Dataframe

Package

abeja_dsf.core.calculation.data_type.dataframe

Description

In DSF, DataFrame is most common data.

DataFrame generally refers to “tabular” data: a data structure representing cases (rows), each of which consists of a number of observations or measurements (columns).

Please see wiki for information about concept of dataframe.

Actual class is DSFDataFrame that is inherited from DSFData.

DSFColumnType

DSFColumnType decorates DSFColumn with what type of data column stores.

This type is not a data type like int or float, but it is level of measurement.

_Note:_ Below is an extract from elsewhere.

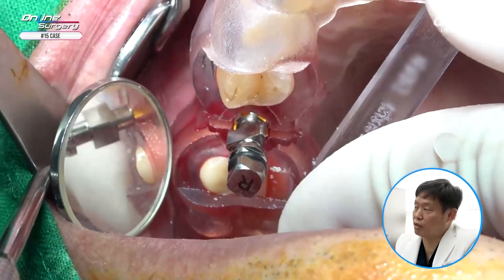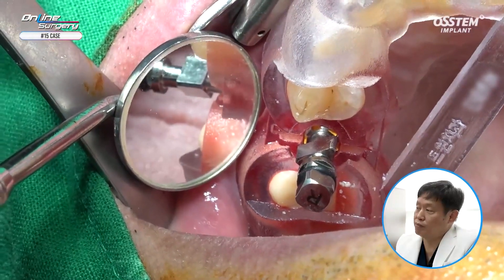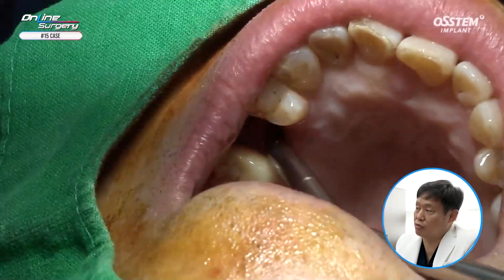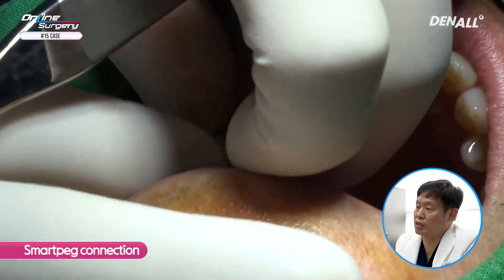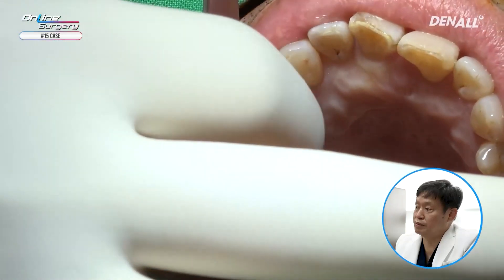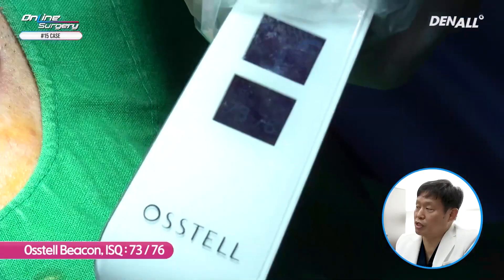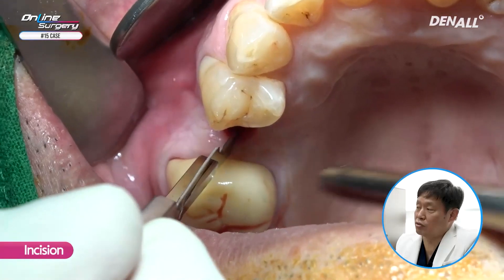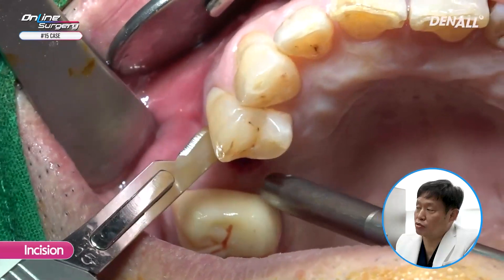Primary stability is over 30 Ncm. I'm checking the final position and the depth control is done. This is how the surgery was completed. Using SmartPeg, I checked the ISQ value — it was 73 and 76. Because after drilling it was quite favorable, in order to do additional bone graft, I made a minor incision on the buccal side.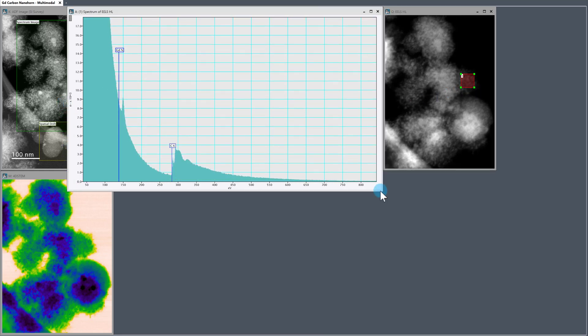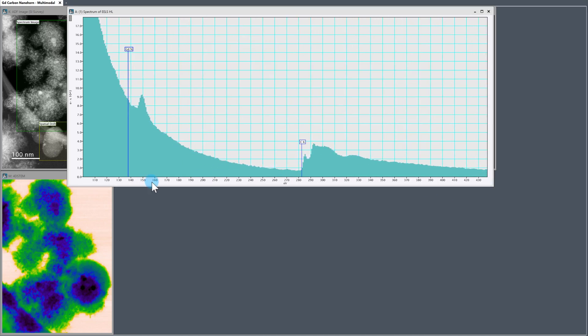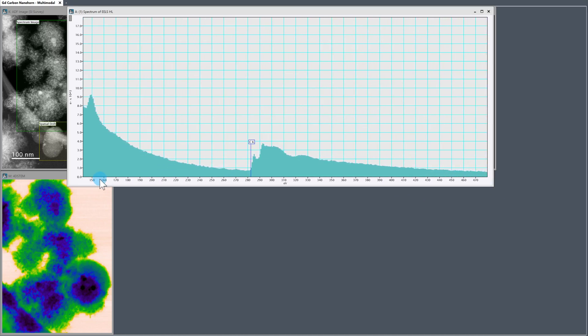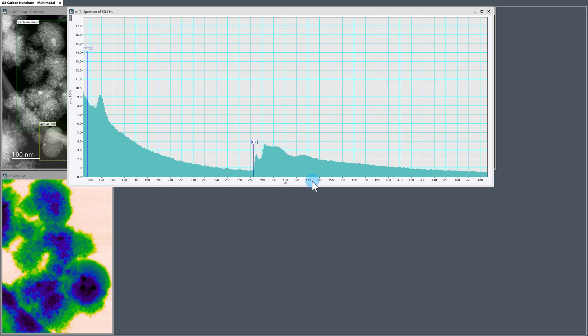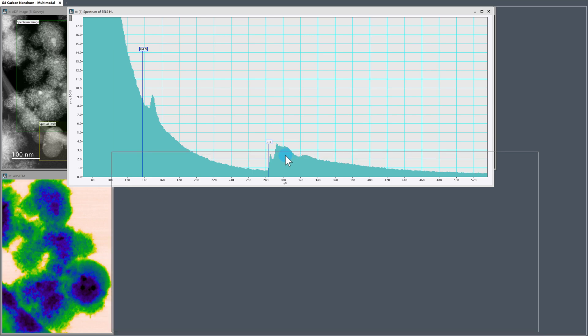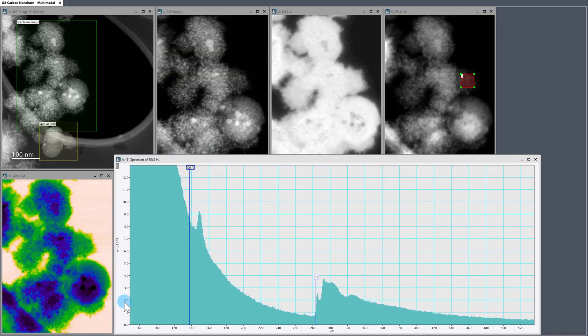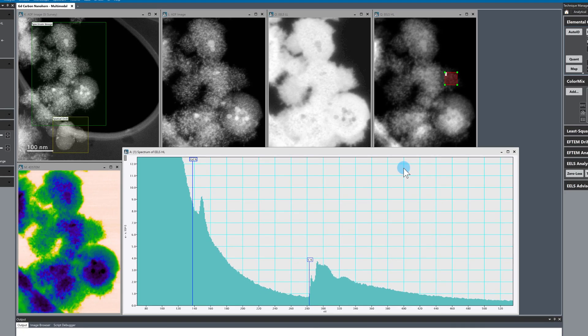So we can see that we have a nice gadolinium-N edge and a carbon-K edge, and we have good signal-to-noise ratio because we're using a counting detector, and also because we're looking at the high-loss dataset, which has a longer pixel dwell time in the spectrum image.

variable name string name description
DSFColumnType.UNKNOWN_COLUMN unknown unknown data
DSFColumnType.QUANTITY_COLUMN quantity quantity data
DSFColumnType.RATIO_QUANTITY_COLUMN ratio absolutely scaled quantity
DSFColumnType.INTERVAL_QUANTITY_COLUMN interval relatively scaled quantity
DSFColumnType.CATEGORY_COLUMN category label data
DSFColumnType.NOMINAL_CATEGORY_COLUMN nominal label number is independent of meaning
DSFColumnType.ORDINAL_CATEGORY_COLUMN ordinal big label number have strong meaning
from abeja_dsf.core.calculation.data_type.dataframe import *

DSFColumnType.UNKNOWN_COLUMN
DSFColumnType.QUANTITY_COLUMN
DSFColumnType.RATIO_QUANTITY_COLUMN
DSFColumnType.INTERVAL_QUANTITY_COLUMN
DSFColumnType.CATEGORY_COLUMN
DSFColumnType.NOMINAL_CATEGORY_COLUMN
DSFColumnType.ORDINAL_CATEGORY_COLUMN

DSFColumn

DSFColumn have a schema information for a column in DSFDataFrame.

This is very similar to RDB table column.

def __init__(self
             name: str,
             dtype: Type[dsf_T],
             ctype: DSFColumnType,
             nullable: bool = True,
             default: Optional[dsf_T] = None)

create DSFColumn instance. Information about dsf_T is here.


def as_name(self, name: str)

create copy with new name.


@classmethod
def from_definition(cls, 
                    definition: DSFColumnDefinition)

create DSFColumn instance from DSFColumnDefinition

from abeja_dsf.core.calculation.data_type.dtypes import *
from abeja_dsf.core.calculation.data_type.dataframe import *

user_id_column = DSFColumn('user_id', dsf_int, DSFColumnType.NOMINAL_CATEGORY_COLUMN, True, -1)
renamed_column = user_id_column.as_name('copied_user_id')
Aliases for DSFColumn
from abeja_dsf.core.calculation.data_type.dataframe import *

IntIdSeries(name='int_category_data', nullable=True, default=None)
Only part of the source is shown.